The effective design and operation of controls, as well as the effective identification and evaluation of risks, is clearly critical to the ability of a firm to generate sustainable revenues. We would argue that many of the processes that underly the effectiveness of controls are more critical to a financial institution than almost any process a manufacturing company is likely to have.

There are certain processes and controls within a financial institution that must operate consistently and are mission-critical to the protection of the firm, for example total compliance with AML rules.

Once an institution identifies its key risks, critical controls and the processes that underly their effectiveness, a formal structured methodology such as Six Sigma is exactly aligned to ensuring that these critical processes operate 100% of the time.

The Barings debacle happened because of a variety of defects that are out of scope of this article and well documented elsewhere, but what is clear is that a number of critical controls and processes did not operate properly, for example an effective reconciliation of margin calls with market position independent of the trading room could not have occurred.
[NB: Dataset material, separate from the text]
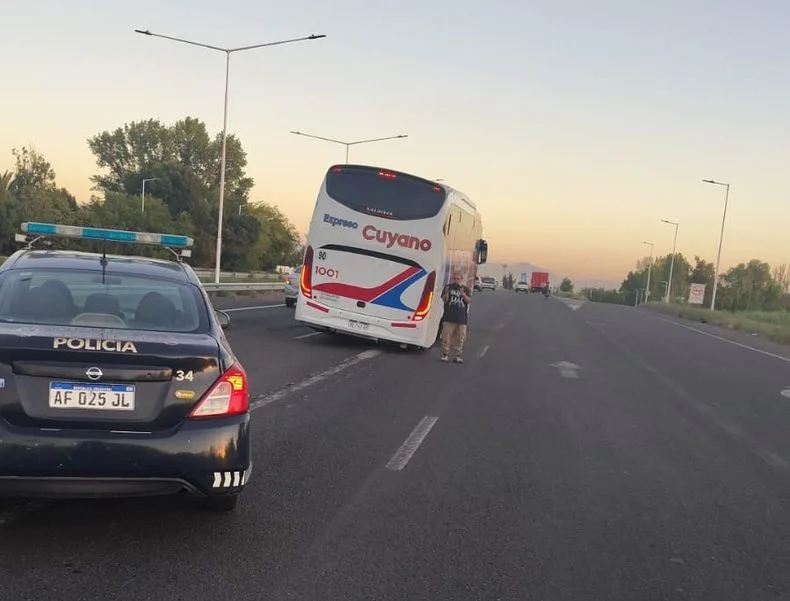 Personal Policial ayudó a ordenar el tránsito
The point is, it had to occur.

Six Sigma methodology can be directly applied to processes in financial institutions, partly to reduce expected losses and make a financial institution more efficient, but also, and more importantly, in helping to prevent unexpected and catastrophic losses.

Once we get away from thinking about what parts of Six Sigma methodology used in manufacturing can be applied to financial institutions, and think from the standpoint of how do we apply structured methodology such as Six Sigma directly, without translation or constraint, to critical processes and controls within financial institutions, then what is clear in our view is that Six Sigma can be applied to the ORM process immediately. The tools exist (Chase Cooper has developed many of them already) and OR departments don’t have to wait for loss data. OR departments can drive the agenda on process improvement and be seen and valued as critical to the objectives of the business.